§ **Problem details**
Only the lines from the one containing "donkerblauwe leren fauteuil, Ophalen, Gebruikt, 75" through the final line below belong in the output, copied exactly and without pictures.

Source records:

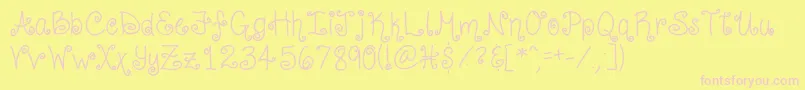 CurlyShirley-Schriftart – Rosa Schriften auf gelbem Hintergrund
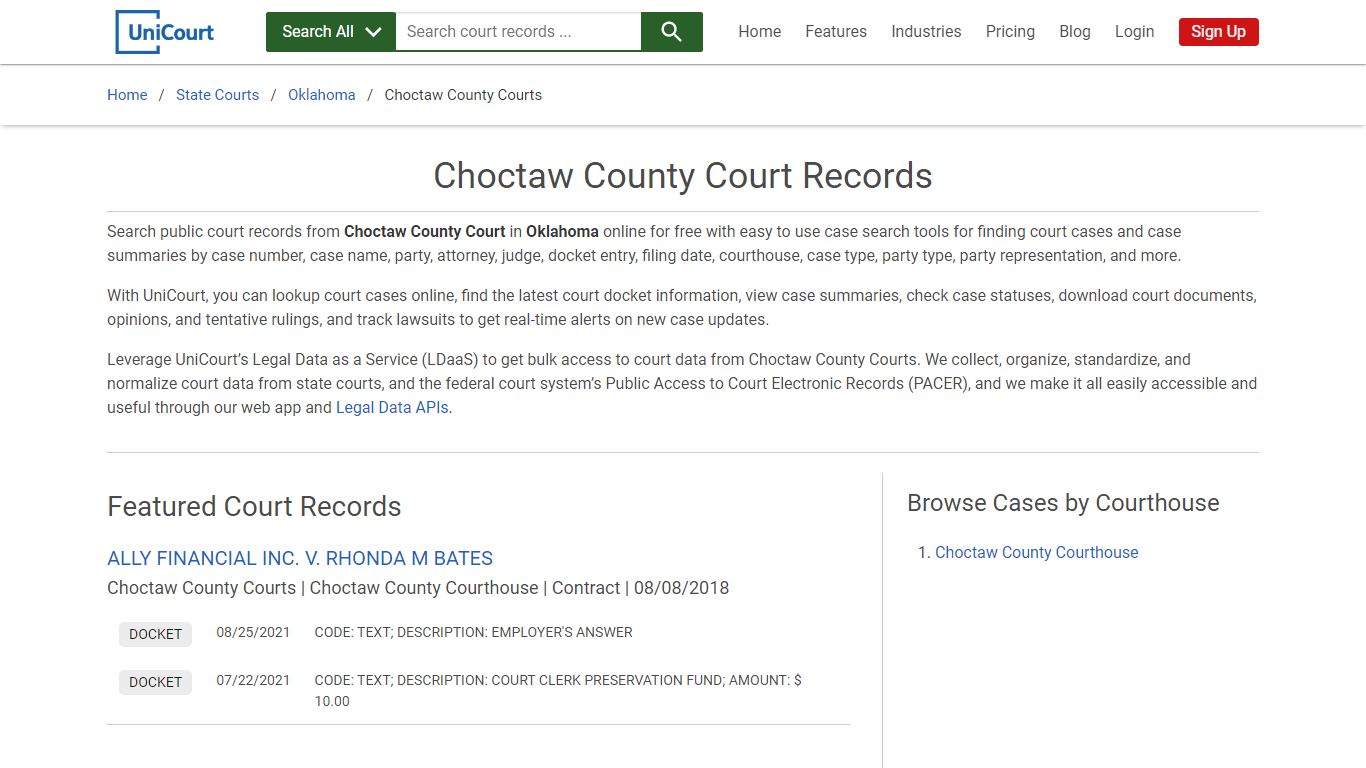 Choctaw County Court Records | Oklahoma | UniCourt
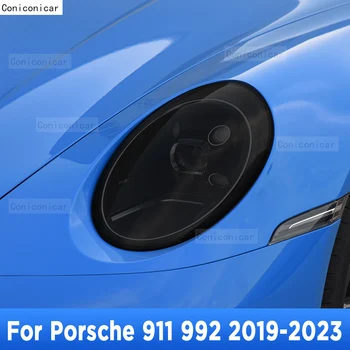 Для Porsche 911 992 2019-2023 Наружная фара автомобиля с защитой от царапин Оттенок передней лампы Защитная пленка из ТПУ Аксессуары для ремонта Наклейка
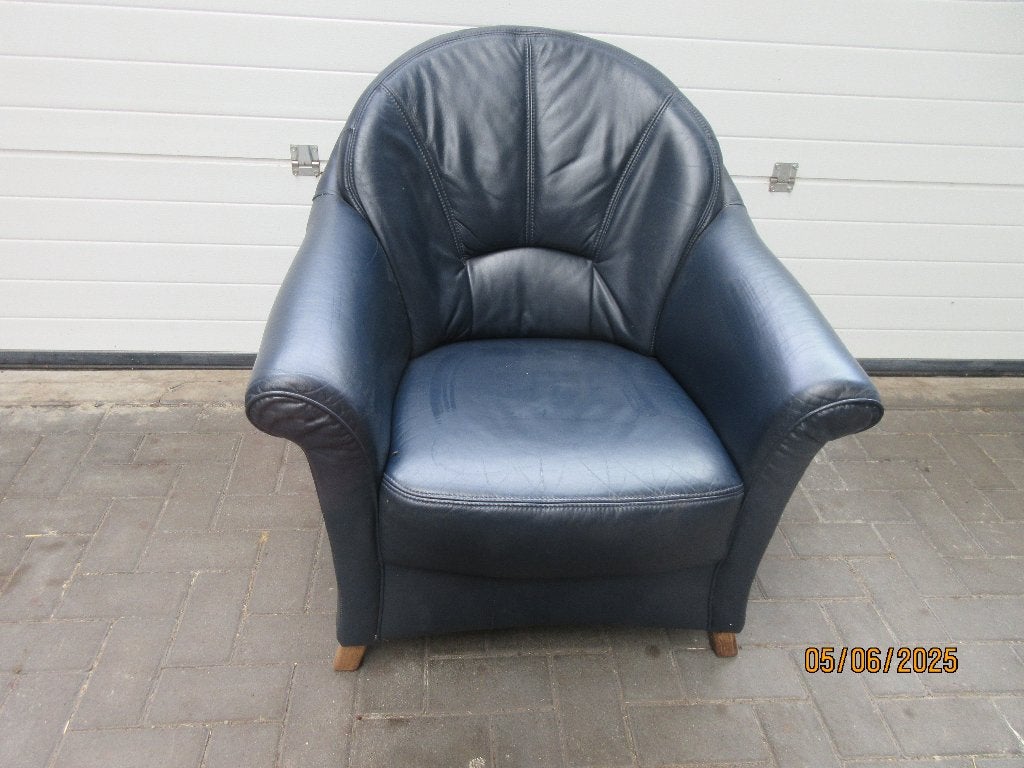 donkerblauwe leren fauteuil, Ophalen, Gebruikt, 75 tot 100 cm, Leer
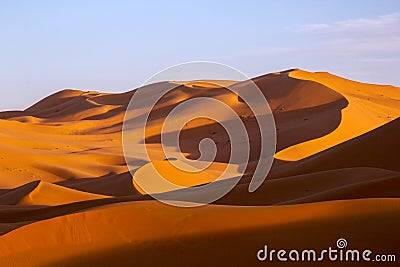 Sand dunes from Sahara Desert Stock Photo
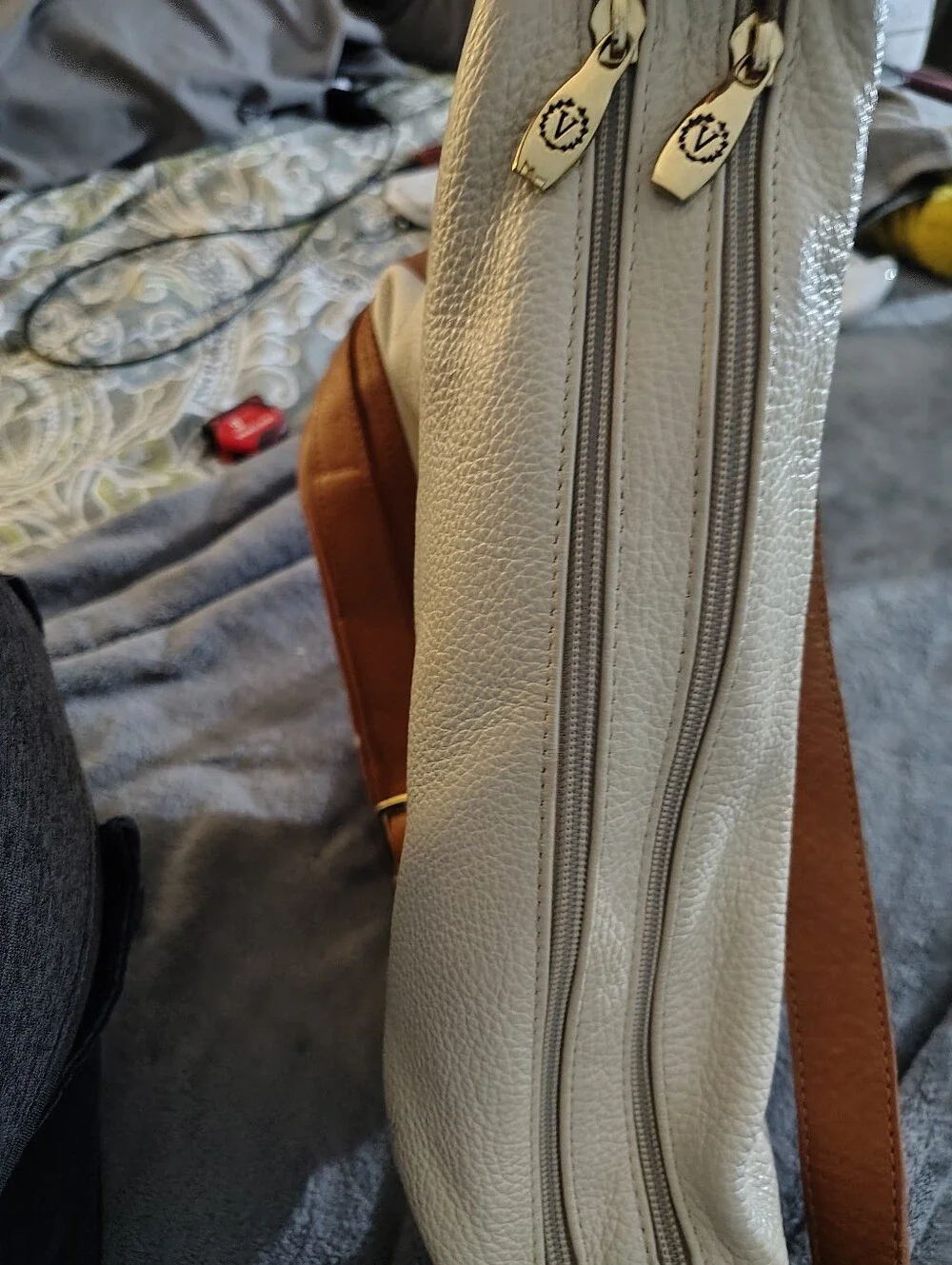 Valentina Cream and Brown Leather Shoulder Bag with Gold Plate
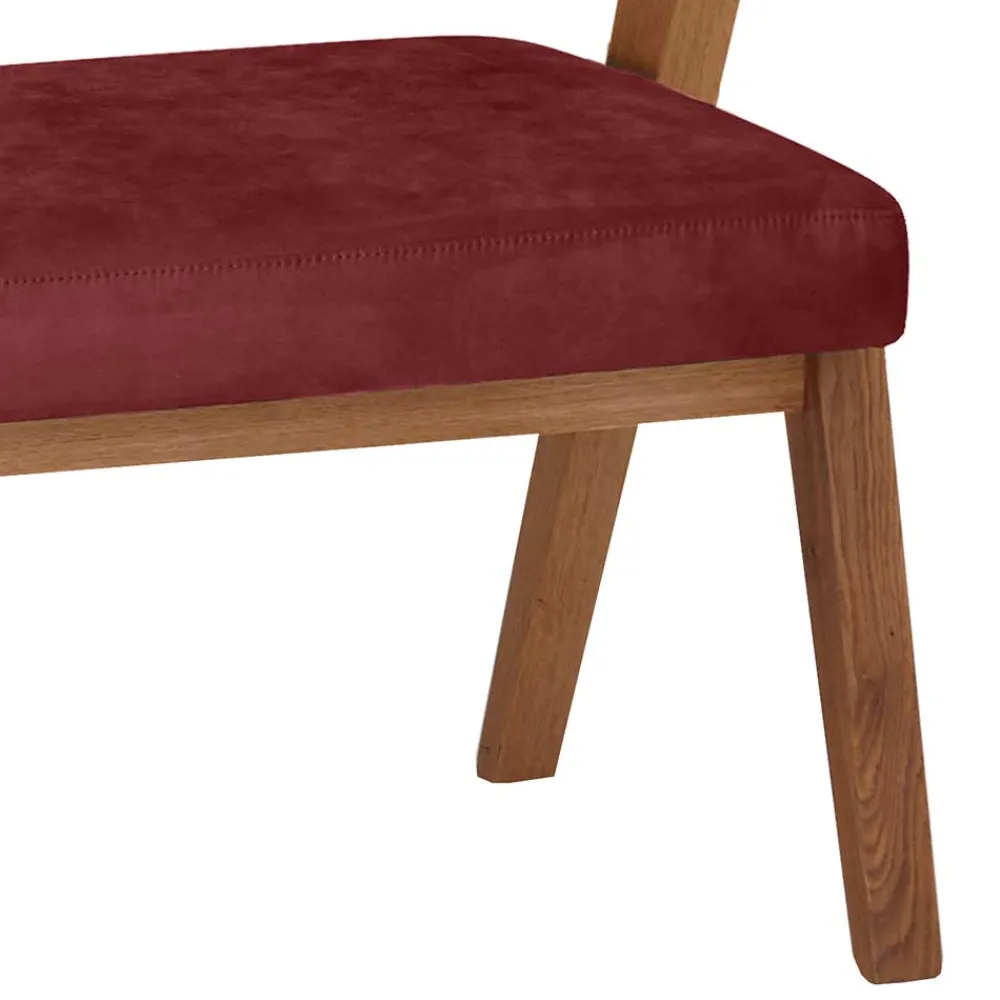 Wohnen Sitzbank<Elegante Esszimmer-Bank in Rot & Wildeiche - Ovenciana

§ **The answer**
 donkerblauwe leren fauteuil, Ophalen, Gebruikt, 75 tot 100 cm, Leer
 Sand dunes from Sahara Desert Stock Photo
 Valentina Cream and Brown Leather Shoulder Bag with Gold Plate
 Wohnen Sitzbank<Elegante Esszimmer-Bank in Rot & Wildeiche - Ovenciana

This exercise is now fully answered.